Fluentd is a log collector that resides on each OpenShift Dedicated node. It gathers application, infrastructure, and audit logs and forwards them to different outputs.

Fluentd is deprecated and is planned to be removed in a future release. Red Hat provides bug fixes and support for this feature during the current release lifecycle, but this feature no longer receives enhancements. As an alternative to Fluentd, you can use Vector instead.

Kubelets

Runs on nodes and reads the container manifests. Ensures that the defined containers have started and are running.

Kubernetes API server

Kubernetes API server validates and configures data for the API objects.

Kubernetes controller manager

Kubernetes controller manager governs the state of the cluster.

Kubernetes scheduler

Kubernetes scheduler allocates pods to nodes.

labels

Labels are key-value pairs that you can use to organize and select subsets of objects such as a pod.

Metrics Server

The Metrics Server monitoring component collects resource metrics and exposes them in the metrics.k8s.io Metrics API service for use by other tools and APIs, which frees the core platform Prometheus stack from handling this functionality.

node

A worker machine in the OpenShift Dedicated cluster. A node is either a virtual machine (VM) or a physical machine.

Operator

The preferred method of packaging, deploying, and managing a Kubernetes application in an OpenShift Dedicated cluster. An Operator takes human operational knowledge and encodes it into software that is packaged and shared with customers.

Operator Lifecycle Manager (OLM)

OLM helps you install, update, and manage the lifecycle of Kubernetes native applications. OLM is an open source toolkit designed to manage Operators in an effective, automated, and scalable way.

Persistent storage

Stores the data even after the device is shut down. Kubernetes uses persistent volumes to store the application data.

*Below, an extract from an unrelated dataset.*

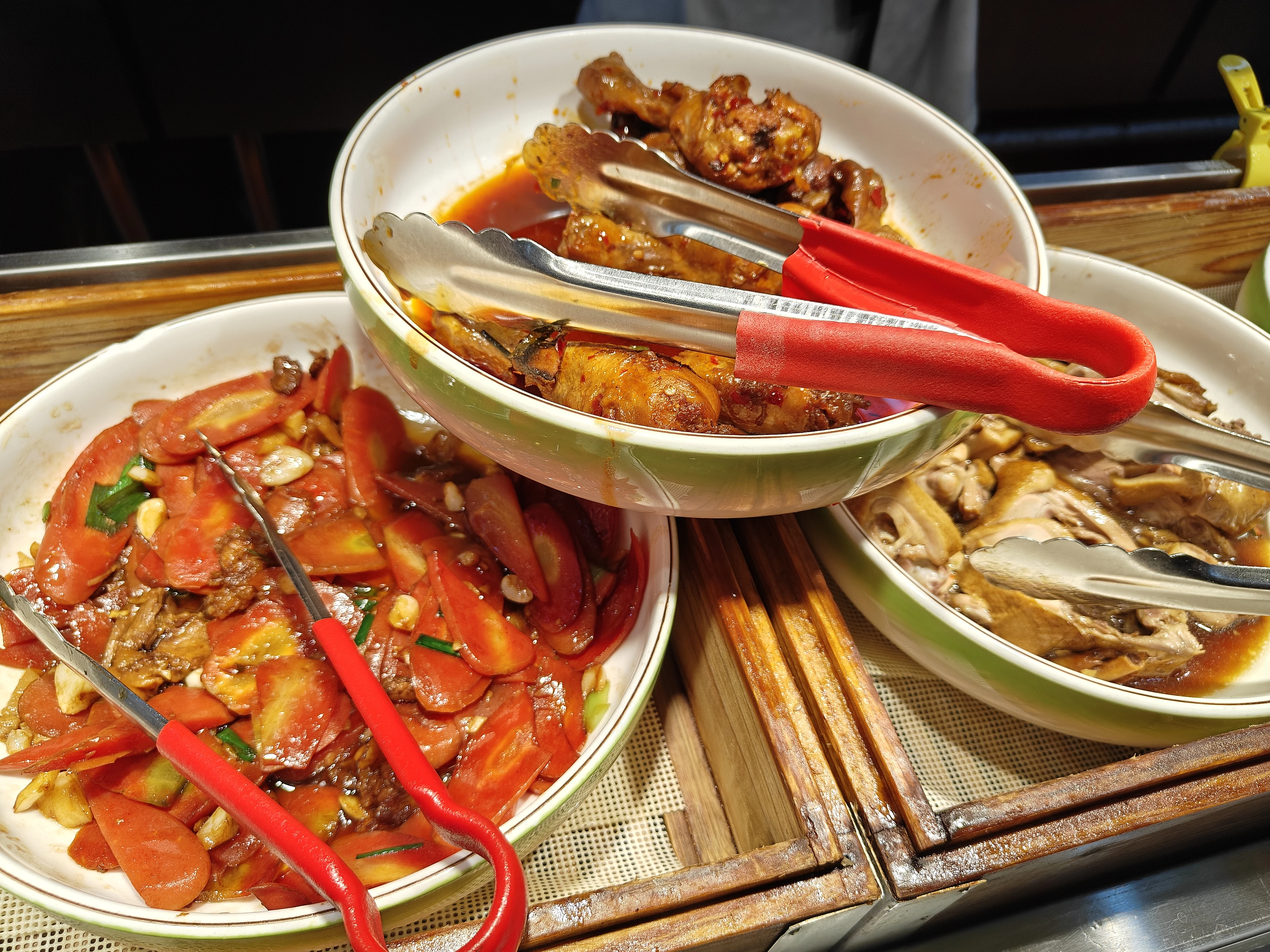 餐食环境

Persistent volume claim (PVC)

You can use a PVC to mount a PersistentVolume into a Pod. You can access the storage without knowing the details of the cloud environment.

pod

The pod is the smallest logical unit in Kubernetes. A pod is comprised of one or more containers to run in a worker node.

Prometheus

Prometheus is the monitoring system on which the OpenShift Dedicated monitoring stack is based. Prometheus is a time-series database and a rule evaluation engine for metrics. Prometheus sends alerts to Alertmanager for processing.

Prometheus Operator

The Prometheus Operator (PO) in the openshift-monitoring project creates, configures, and manages platform Prometheus and Alertmanager instances. It also automatically generates monitoring target configurations based on Kubernetes label queries.

Silences

A silence can be applied to an alert to prevent notifications from being sent when the conditions for an alert are true. You can mute an alert after the initial notification, while you work on resolving the underlying issue.

storage

OpenShift Dedicated supports many types of storage on AWS and GCP. You can manage container storage for persistent and non-persistent data in an OpenShift Dedicated cluster.

Thanos Ruler

The Thanos Ruler is a rule evaluation engine for Prometheus that is deployed as a separate process. In OpenShift Dedicated, Thanos Ruler provides rule and alerting evaluation for the monitoring of user-defined projects.

Vector

Vector is a log collector that deploys to each OpenShift Dedicated node. It collects log data from each node, transforms the data, and forwards it to configured outputs.

web console

A user interface (UI) to manage OpenShift Dedicated.